Editor’s Opinion Chris Mc Loone
I don’t usually touch on training topics here since this magazine is primarily about fire trucks and firefighting equipment.
However, at fire-apparatus-related events, discussions often turn to the mechanical end of our rigs. There’s no doubt that many of the firefighters coming onto the job today, whether career or volunteer, are not as mechanically inclined as the senior members of the department. Because they often are not as mechanically inclined, there seems to be a mindset that there is no way they can understand what’s going on behind a pump panel or underneath the cab. This isn’t a very accurate statement, but we are not a fire service that does its own work on vehicles anymore. In large municipalities, there is usually a fleet manager, and rigs are brought to “the shop.” On the volunteer side, these days, many departments will send the apparatus to local authorized service shops for work to be done. Early in my career we were still changing the oil ourselves at my fire company. Those days are long gone.

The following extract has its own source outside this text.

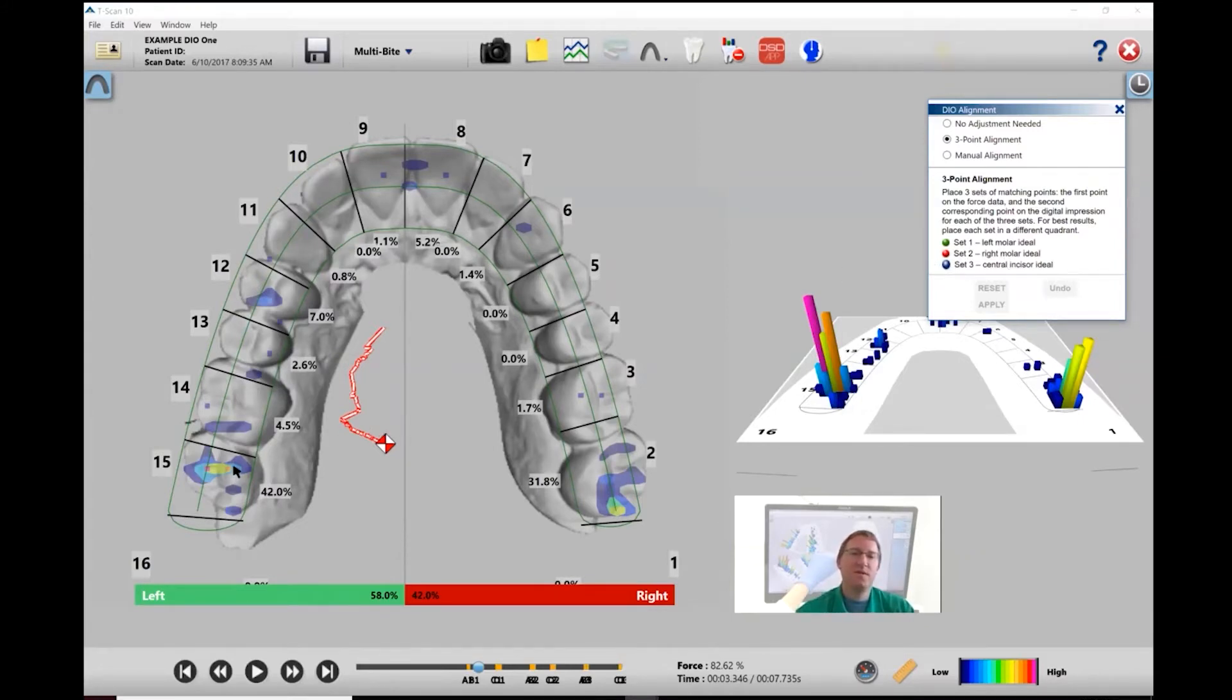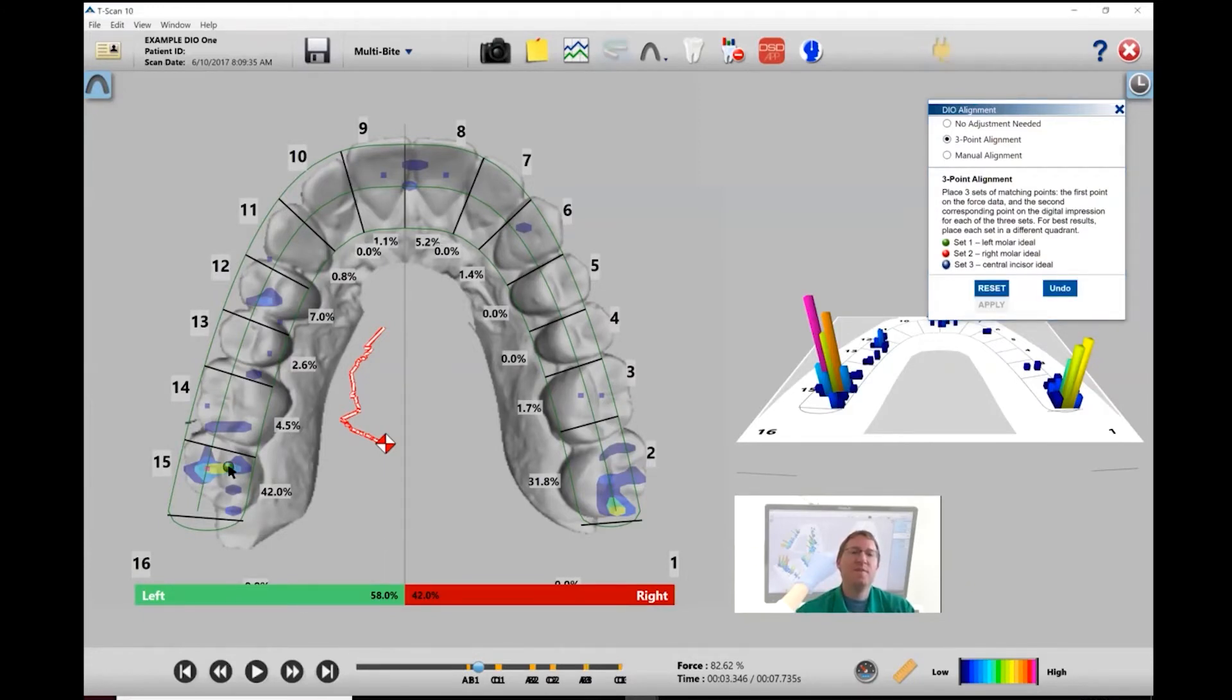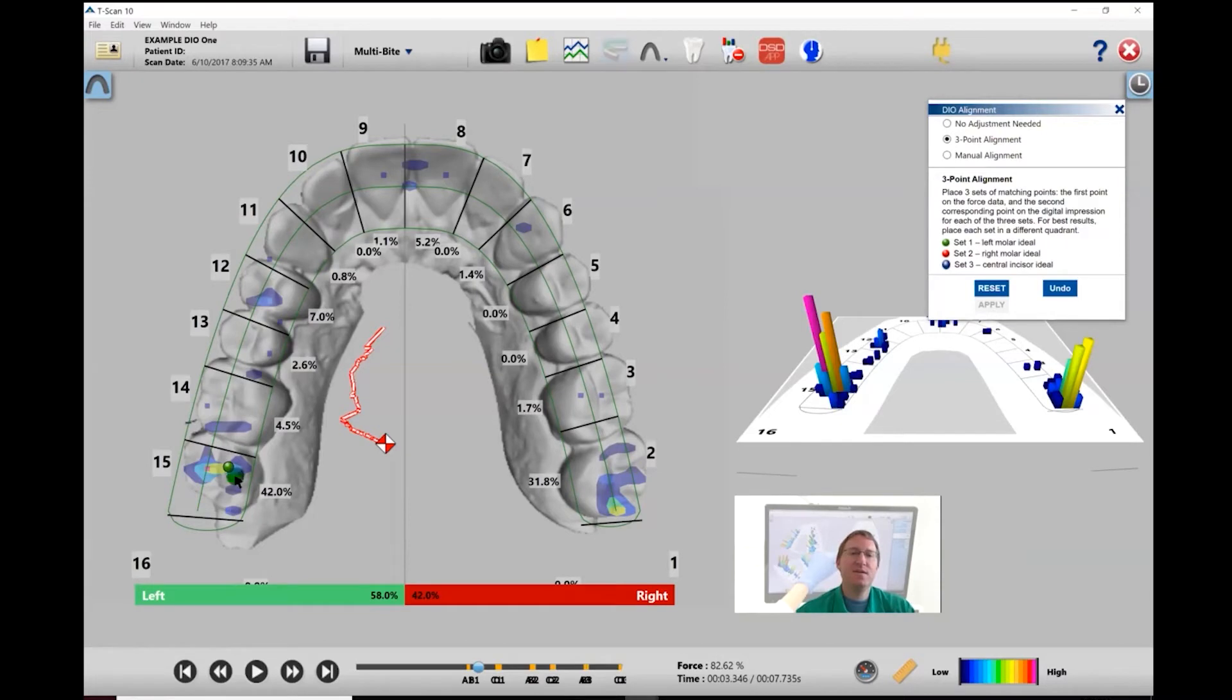First, we're going to pick the forced data or the forced contact point, left-click, and then I'm going to pick the location where I want to move that forced data to. Left-click again, and now we're going to do the same thing for the right molar.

But when you think about it, cars are different these days. There aren’t as many teenagers poking their heads under the hoods of their cars. The complexities of today’s vehicles result in not as many kids learning to work on motors when they are young. It’s not a good or a bad thing, it’s just the way it is.
But, these kids don’t lack the mental capacity to understand these things. They could easily learn about what goes on behind the pump panel or the hydraulic systems that raise and lower ladders. Where we are failing our younger firefighters is that we are not teaching them according to how they learn.
It is not only the fire service where younger people are learning differently. For example, kids don’t learn their times tables like they used to. The curriculum today has them learning them in different ways than memorizing them. My mind, the minds of other firefighters my age, and many who are 20 to 30 years older than me were conditioned very early to memorize. It is just not how our younger firefighters came up and how our future firefighters are going to come up.
When I started what was Firefighting I back in 1994, the instructor used a mechanical slide projector. We didn’t have smartphones or PowerPoint® back then. The mechanical slide projector has transitioned into PowerPoint slides. I can say without hesitation that our incoming probies are not built for PowerPoint slides. The time has come for instructors across the fire service to change how they are teaching and adapt their lessons for how younger firefighters learn.
I was troubled one night as we were wrapping up our training and a few members returned from a pump school they were taking. At least two complained that they didn’t learn anything that night. And, I remember thinking that they sat in the classroom for three hours. How is it possible to not learn anything during that time? But, when I stepped back and thought about how my kids are learning, and how and when they excel, it became clear that whatever was going on in that classroom, however the lesson was planned was not built for them.